Once you reach the line containing "西安高新比亚迪汽车厂国家级科技企业加速器" in the entries below, write out that line and each one after it down to the line containing "El Palacio de", exactly and with nothing added.

++++ TASK MATERIAL ++++

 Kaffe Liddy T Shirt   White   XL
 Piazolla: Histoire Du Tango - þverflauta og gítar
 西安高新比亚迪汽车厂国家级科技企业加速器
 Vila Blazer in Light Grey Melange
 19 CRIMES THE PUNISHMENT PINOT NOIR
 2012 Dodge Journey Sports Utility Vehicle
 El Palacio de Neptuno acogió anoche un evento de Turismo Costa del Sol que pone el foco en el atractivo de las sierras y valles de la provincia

++++
++++ TASK MATERIAL ++++

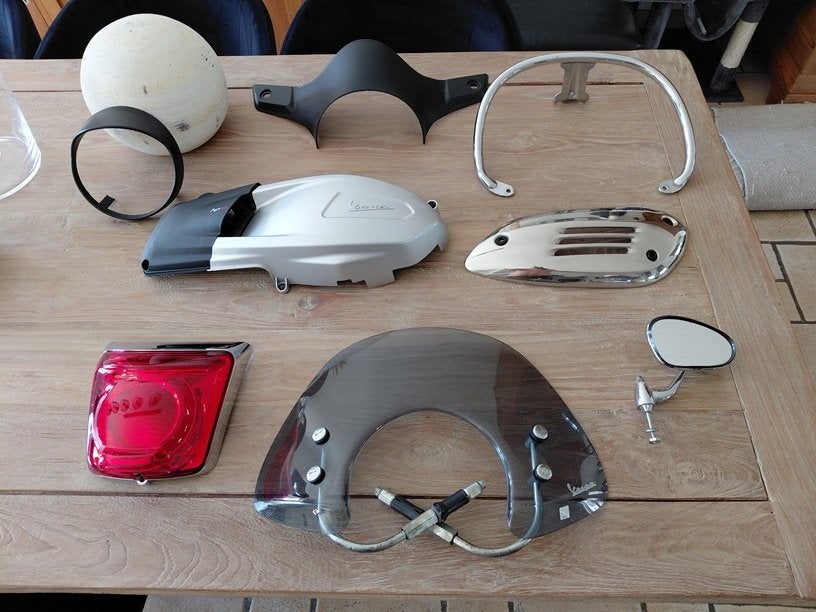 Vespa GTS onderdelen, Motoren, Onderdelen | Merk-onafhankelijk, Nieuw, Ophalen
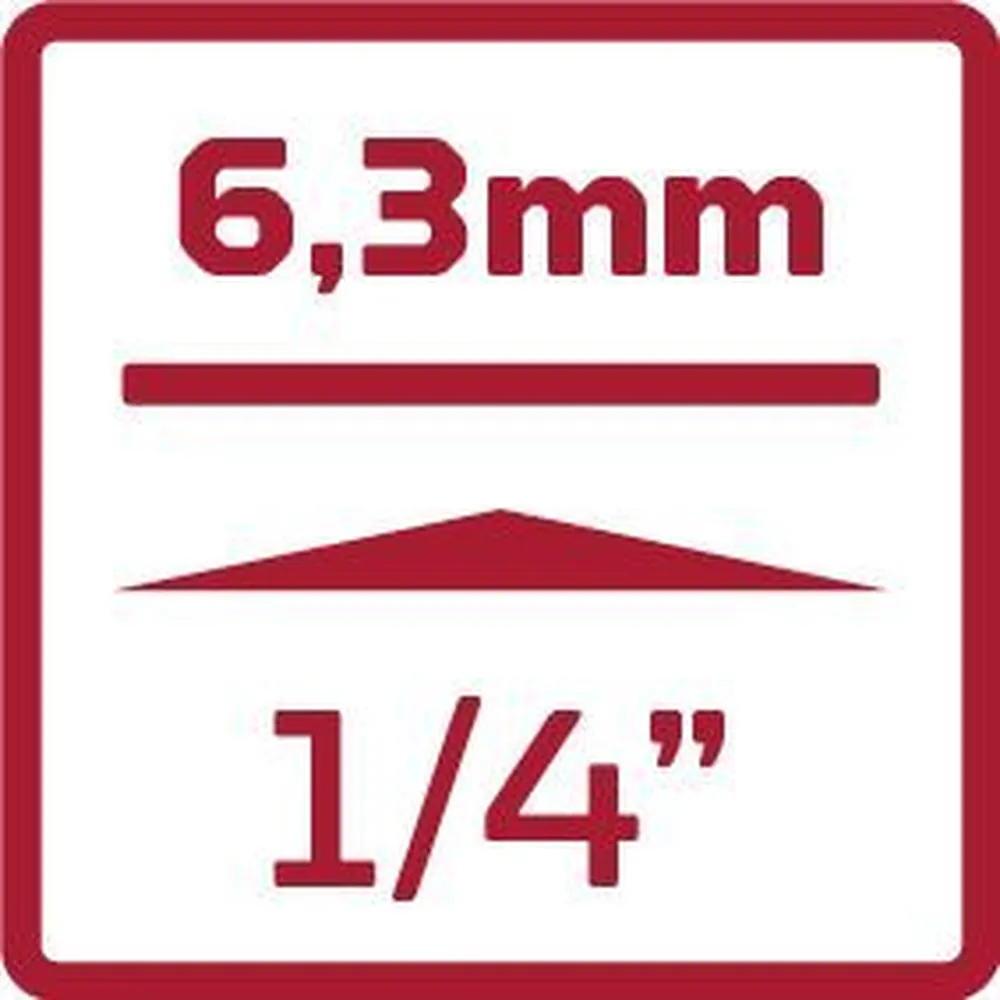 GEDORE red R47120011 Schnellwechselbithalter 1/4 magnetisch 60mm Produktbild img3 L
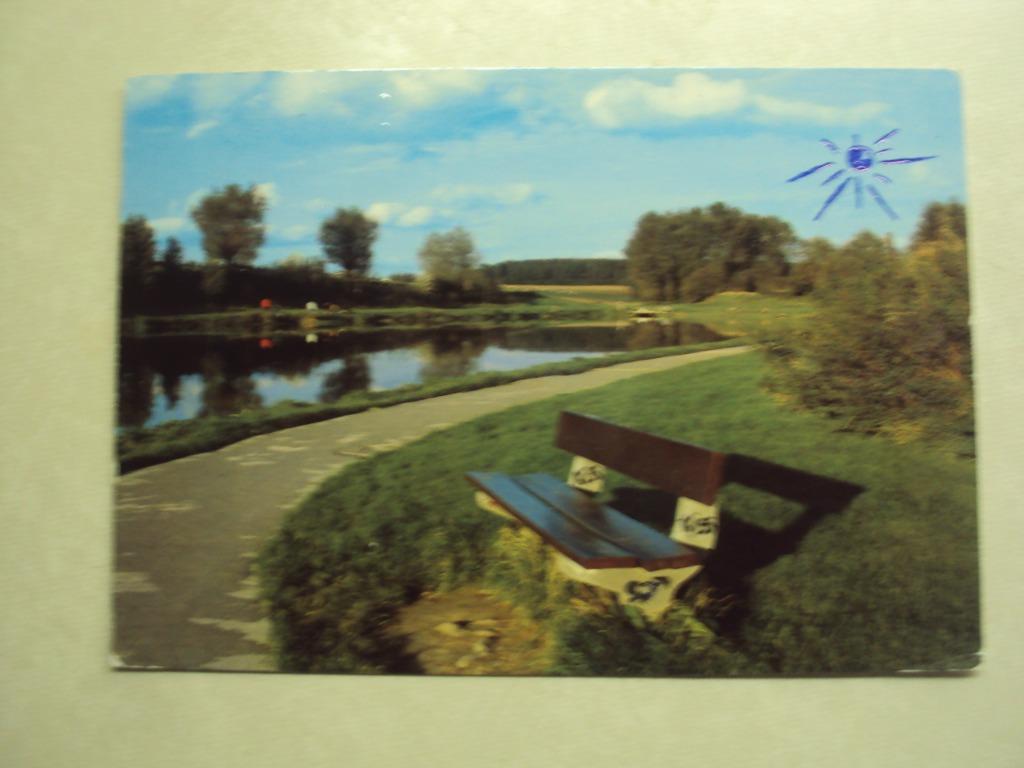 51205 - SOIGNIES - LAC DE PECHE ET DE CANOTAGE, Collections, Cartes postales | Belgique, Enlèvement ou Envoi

++++
++++ TASK MATERIAL ++++

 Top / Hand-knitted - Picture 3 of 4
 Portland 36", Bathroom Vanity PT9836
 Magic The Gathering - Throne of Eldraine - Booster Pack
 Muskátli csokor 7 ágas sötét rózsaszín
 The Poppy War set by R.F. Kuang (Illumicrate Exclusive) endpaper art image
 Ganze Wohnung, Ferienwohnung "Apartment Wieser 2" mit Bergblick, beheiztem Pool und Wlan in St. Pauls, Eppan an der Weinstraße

++++

__RESPONSE TO THE EXERCISE__:
 西安高新比亚迪汽车厂国家级科技企业加速器
 Vila Blazer in Light Grey Melange
 19 CRIMES THE PUNISHMENT PINOT NOIR
 2012 Dodge Journey Sports Utility Vehicle
 El Palacio de Neptuno acogió anoche un evento de Turismo Costa del Sol que pone el foco en el atractivo de las sierras y valles de la provincia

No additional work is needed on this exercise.